Structured, Exchangeable lock file format (requirements.txt 2.0?)

uranusjr · April 23, 2020, 12:57am

One idea I’m having is to have a field for a lock file to declare platform compatibility. But ultimately this can never be guaranteed due to the state of Python packaging; the tool can have all the intent to produce a platform-agnostic dependency tree, but the result can never be theoretically platform independent. So I think the most practical approach to this is to position this as describing what would happen if your intention is applied on this machine and let tools decide how much it wants to extrapolate the result.

I’d say it should fail by default.
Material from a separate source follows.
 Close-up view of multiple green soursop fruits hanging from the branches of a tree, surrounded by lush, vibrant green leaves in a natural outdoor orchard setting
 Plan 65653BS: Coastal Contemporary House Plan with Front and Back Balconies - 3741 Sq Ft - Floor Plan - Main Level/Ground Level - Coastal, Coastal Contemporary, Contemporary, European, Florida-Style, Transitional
We can recommend this in the spec, but honestly I think most users just don’t care about validation enough and ultimately most tools would just grow a --no-validate if hash algorithm support becomes a problem.

Given my primary goal is to handle the every-tool-can-do-this scenario, my suggestion would be to error out if an installer does not support the resolver’s result. And if the different tools differ in how the dependency can be satisfied, the resolver (the tool producing the file) is responsible for describing how each should work, and let the installer (the tool consuming the file) decide which route to choose. For example, numpy can be installed either with pip or Conda, so the resolver can produce something like

{
    "conda": {
        "name": "numpy",
        "source": "anaconda",
        "version": "1.18.1"
    },
    "python": {
        "name": "numpy",
        "source": "pypi",
        "version": "1.18.1"
    },
    "dependencies": {...}
}

to tell the installer it can satisfy this either by using pip or Conda. So the rule of satisfying a dependency should be

All of dependencies must be satisfied.
At least one of the remaining keys can be satisfied.
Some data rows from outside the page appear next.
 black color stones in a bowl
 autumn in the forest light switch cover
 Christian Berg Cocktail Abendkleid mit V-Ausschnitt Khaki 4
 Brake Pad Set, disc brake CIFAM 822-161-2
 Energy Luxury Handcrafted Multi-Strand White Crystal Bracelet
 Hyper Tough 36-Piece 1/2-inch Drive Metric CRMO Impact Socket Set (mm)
And the installer should reject the file as supported otherwise.

All these questions really make me think more deeply about the underlying philosophy behind all the choices I think the main thing I have in mind for this is to separate “populating an environment from user request” into a resolver-installer pipeline, and the installer part is really just reduced to simply downloading a thing, and apply it (and only it) into the environment. All the questions about what things to find when to find them, and in what situations, are all answered by the resolver. This may not be how all package manager lock files currently work (which I think is likely also why the term becomes confusing), but it (IMO) the best way to abstract the process and provide an exchange format for tools to understand.

Another thing I want to mention:

I think that’s a good approach. One other thing I think might be possible is to write it as a lossy export format (what the input file would be if we assume certain architecture variables). This might not always be possible (and Spack can say “nope can’t generate that for this environment”), but I imagine it could be usedul when it works (I could ver possibly be wrong since I am not familiar the audience of Spack).

EpicWink · April 23, 2020, 1:44am

It seems agreed that the purpose of the lock file is to enable tools to re-build an environment effectively identical to the original. What if instead the purpose was to simply state what the original environment was?

This would change the mindset of the development of support for the lock file: instead of having the tools worry about the differences between the features of the tools producing and consuming the lock file, you leave that to the developer. The end-user should know more intimately whether pip is good enough to specify their environment, or if more of the environment needs to be specified.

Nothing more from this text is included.